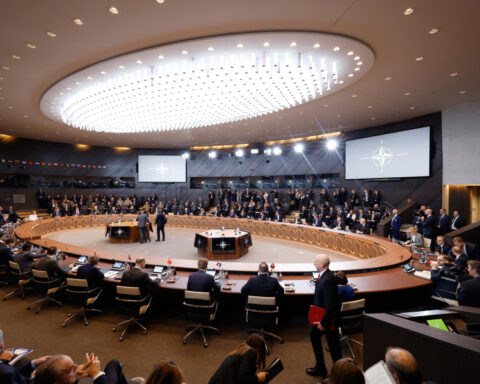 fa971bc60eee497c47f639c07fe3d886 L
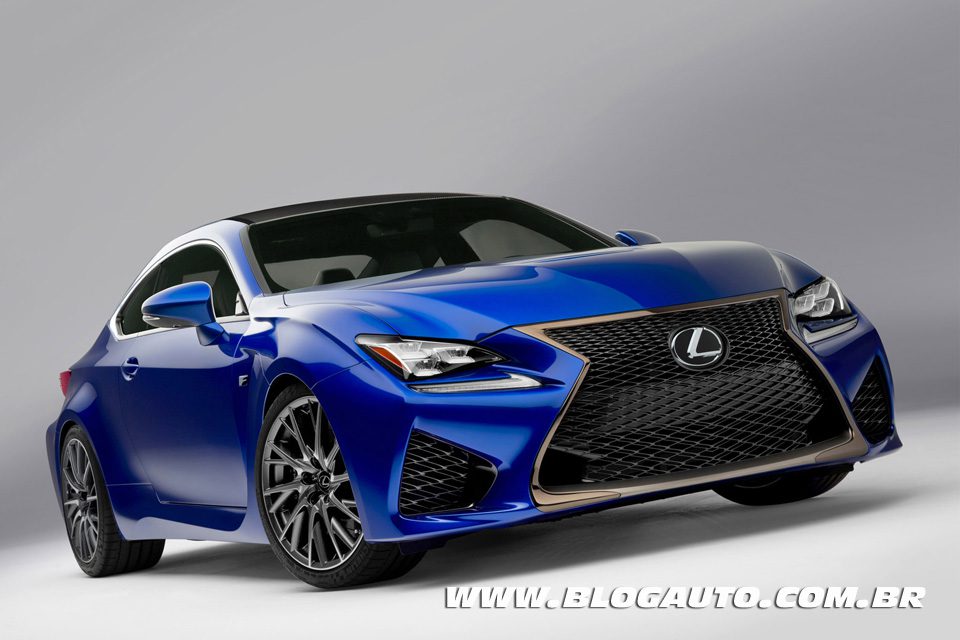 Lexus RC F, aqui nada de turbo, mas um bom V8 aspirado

...

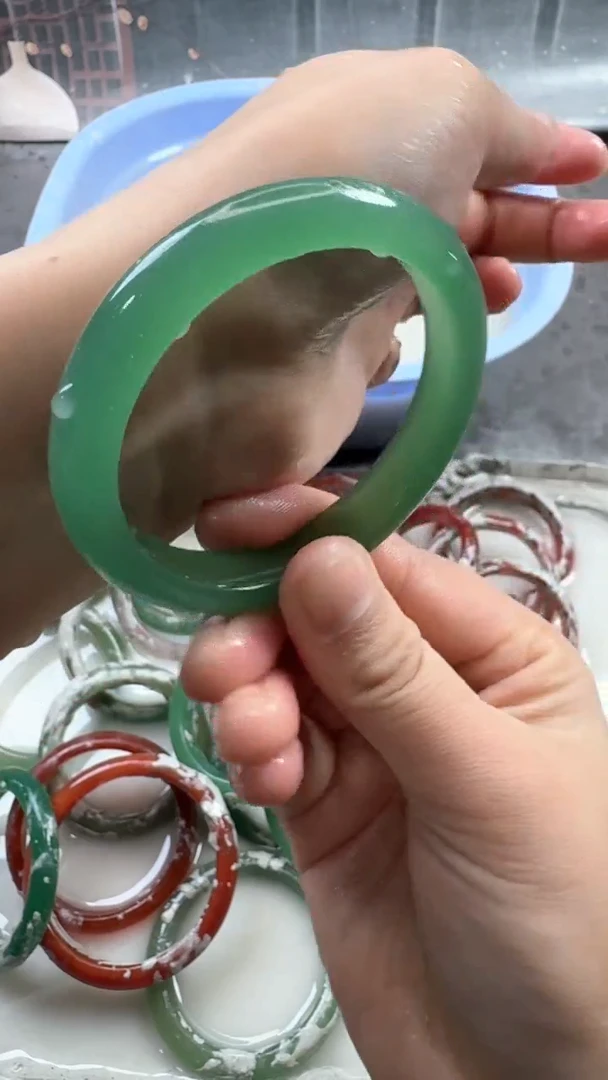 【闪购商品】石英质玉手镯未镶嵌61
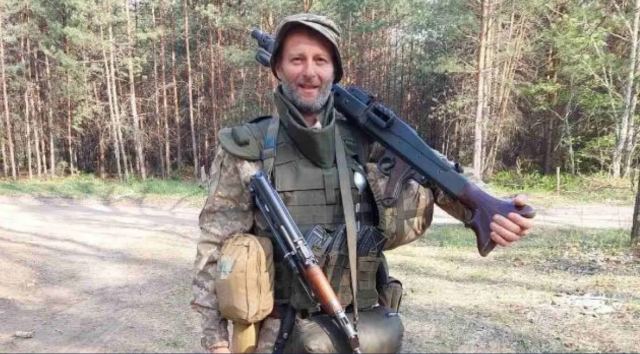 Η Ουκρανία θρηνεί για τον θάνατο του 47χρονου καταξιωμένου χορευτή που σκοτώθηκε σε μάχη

...

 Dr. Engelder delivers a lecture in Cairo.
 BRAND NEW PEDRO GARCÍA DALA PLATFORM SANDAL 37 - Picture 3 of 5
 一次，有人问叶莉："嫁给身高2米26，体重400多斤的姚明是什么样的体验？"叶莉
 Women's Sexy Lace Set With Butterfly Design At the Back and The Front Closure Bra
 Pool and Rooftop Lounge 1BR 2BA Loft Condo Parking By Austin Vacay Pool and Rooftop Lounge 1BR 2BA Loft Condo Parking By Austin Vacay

> _Exercise_
Everything from the line with "fa971bc60eee497c47f639c07fe3d886 L" through the line with "Lexus RC F, aqui" in the material above should be transcribed exactly, except the pictures.

> _Worked solution_
 fa971bc60eee497c47f639c07fe3d886 L
 Lexus RC F, aqui nada de turbo, mas um bom V8 aspirado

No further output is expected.